I have a procedure that is being called in a DBMS_JOB.SUBMIT procedure which refreshes materialized views in sequential order and then closes out. One of the drawbacks to my method is that I look for a failure and if one is encountered, it does NULL (nothing) and if no failures occur, it proceeds with each step in the procedure, refreshing one by one the materialized views and again checking for failures.

Is it possible that if when it gets to the end of the job and encounters one or more failures, it resets the failures (self-healing) to 0 so the job can attempt to run the next day as scheduled without automatically NULL'ing out?

Are there any drawbacks to that method as well or any better solutions to resolve this request? Ultimately, we want to be proactive in the notification of failures, etc. but with that put aside, we need the ability for the job to be smart enough to reset itself after each nightly run.
 
Maven said:
Are there any drawbacks to that method...?
Does that method introduce risk into your business or process that are greater than the risks of an alternative? That is the proper question (IMHO).
Maven said:
any better solutions to resolve this request?
If it works (i.e., resolves your business/process need), then it is already a good solution. To make it better, an alternative would need to accomplish the same result at less cost. I haven't sat down to create an alternative, so I'd have to wait until somebody creates an alternative to comment on "better".



I infer from your post ("it resets the failures (self-healing) to 0") that you are somehow preserving the result of your run to pass along to the next run. By what method are you preserving that outcome?

[santa]Mufasa
(aka Dave of Sandy, Utah, USA)
[I provide low-cost, remote Database Administration services: www.dasages.com]
 
Your business logic does seem suspect here.
If you detect errors, but then do nothing about them, why bother to detect them in the first place?

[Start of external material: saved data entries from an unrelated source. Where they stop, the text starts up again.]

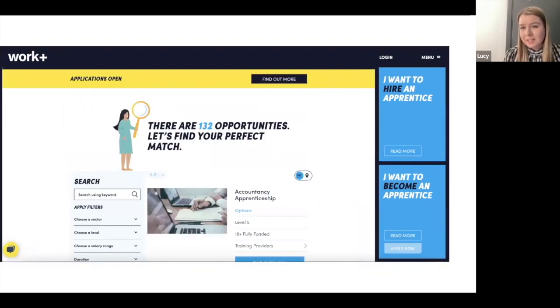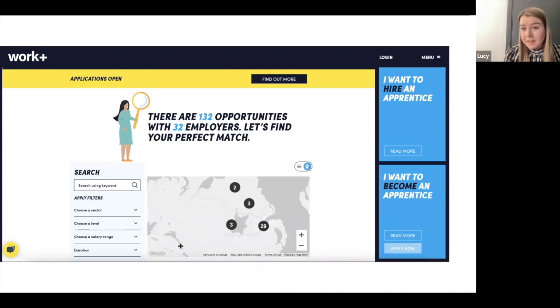Our opportunities are all live on our website — you can head to workplus.app to explore the 132 different opportunities on offer. We also have a few more opportunities being added in the coming days and you'll get an email when those are added. You can filter opportunities by sector or by level, and also in a map view — useful if you want to stay close to home or are happy to move to Belfast.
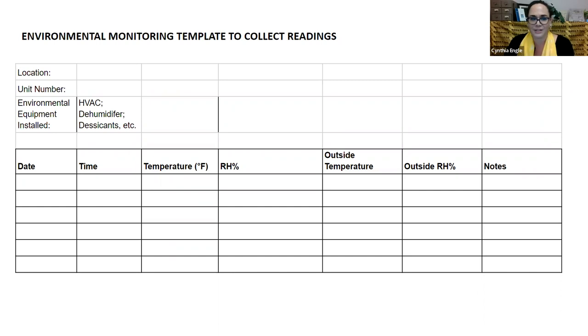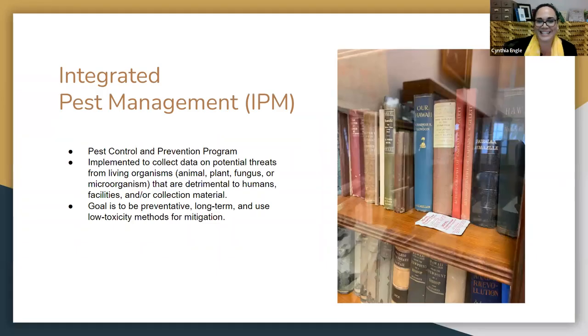Here's a quick template for collecting what I call your raw data or readings. You want to write down how often you'll take readings. We pick one day where our community is in here a lot — high traffic — and then a day where the collections are mostly closed, so we can compare what happens when people are coming in and out versus when the collections are able to rest. You also want to designate a staff member to do these readings — that person will really start to learn your space. Then you take all that raw data and turn it into a report.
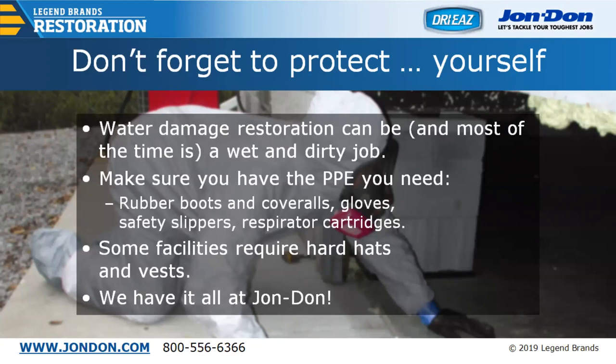Some facilities may require hard hats and vests. If you're going into a crawl space, an attic, or you have a ceiling that water poured through, wearing a hard hat is a good reminder for everyone. Whether it's a coverall, a glove, any form of PPE including fall protection — we have you covered here at John Don, no matter what you may be needing.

If it doesn't matter about errors (because tomorrow's run will presumably try to fix it anyway) why detect the errors.

What is the business requirement here? Establish that clearly and then use it to decide the functional, and then implement that necessaary function.

Regards

T

Grinding away at things Oracular
 
The business requirement is that, for that particular day, if one refresh fails, they should all fail and since the DBMS_JOB itself will attempt to re-run after a failure until it is broken, the alternative is to check for "1" in the failure column of user_jobs view and when it hits 1 or exceeds 1, do nothing until the job is determined to be broken.

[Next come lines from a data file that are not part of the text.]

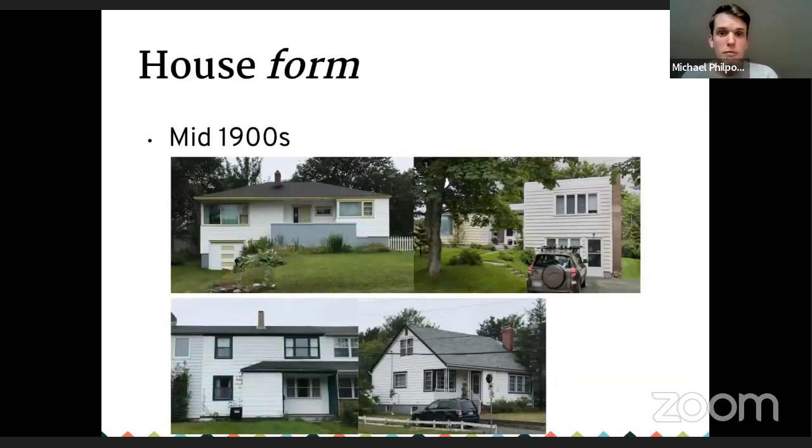Moving into the mid-1900s, you saw changes again. Some buildings have similar roof shapes but a much more horizontal orientation. On some you see essentially flat roofs — not truly flat, but a very low slope using a different type of roofing altogether. You also saw attached houses — not like traditional row houses downtown, but more horizontally oriented — and mid-pitch roofs. These shifts in orientation and form are useful clues when dating a building.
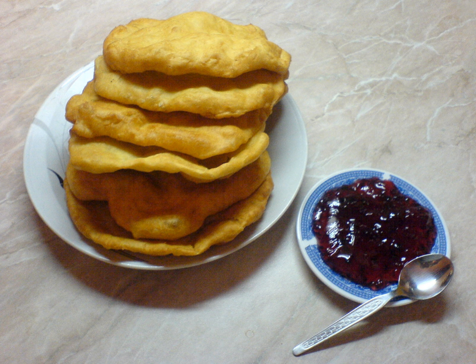In Serbia they are called Mekicae. They are similar to Hungarian langus and British Yorkshire pudding.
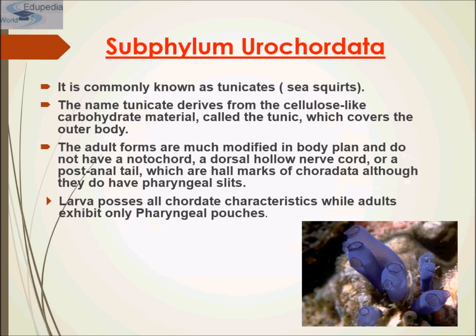Now, moving to the subphylum Urochordata. Urochordata are also known as tunicates or sea squirts, or they are also known as ascidians. They belong to the same phylum as the vertebrates, although adults do not have a backbone. During development, the free-swimming larvae possess a tail, dorsal nerve cord, a dorsal stiffening structure called the notochord, and gill slits in the throat or the pharynx region.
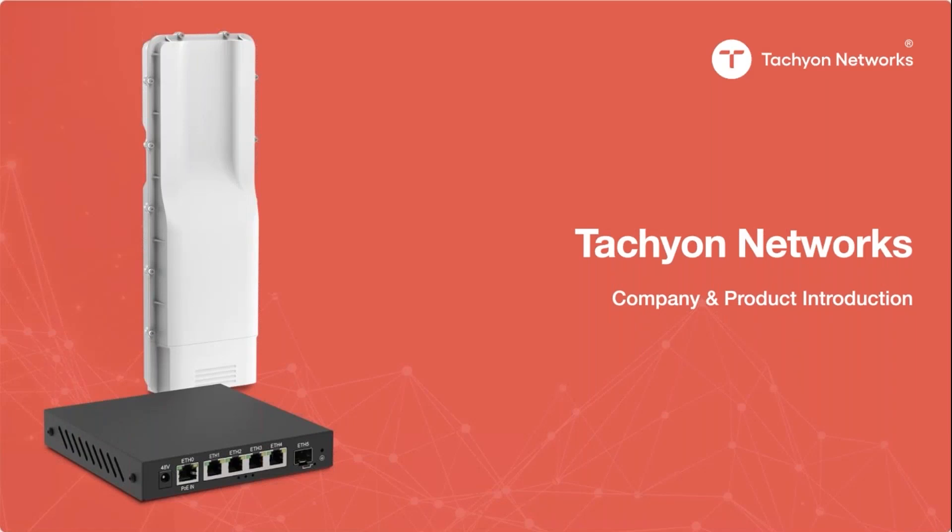Good morning, everyone, and thank you for joining us today. I'm Jonathan Nicholson with ISP Supplies. Today we're joined by Hal Bledsoe, who handles business and product development at Tachyon Networks. He's prepared a thorough overview of their affordable 60-gig point-to-point and point-to-multipoint fixed wireless solution, their 2.5-gig industrial PoE switches, as well as Tachyon's RESTful API device monitoring and management platform.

We also have a notification mechanism we are implementing to use UTL_SMTP to notify us when the job raises an exception or finishes OK with no errors. Just as well though, we need the job to be a little self-sufficient in that, it can reset itself after each run.
 
Is there any reason you are not using a materialized view refresh group? That is the standard way of managing materialized views that need to be refreshed together.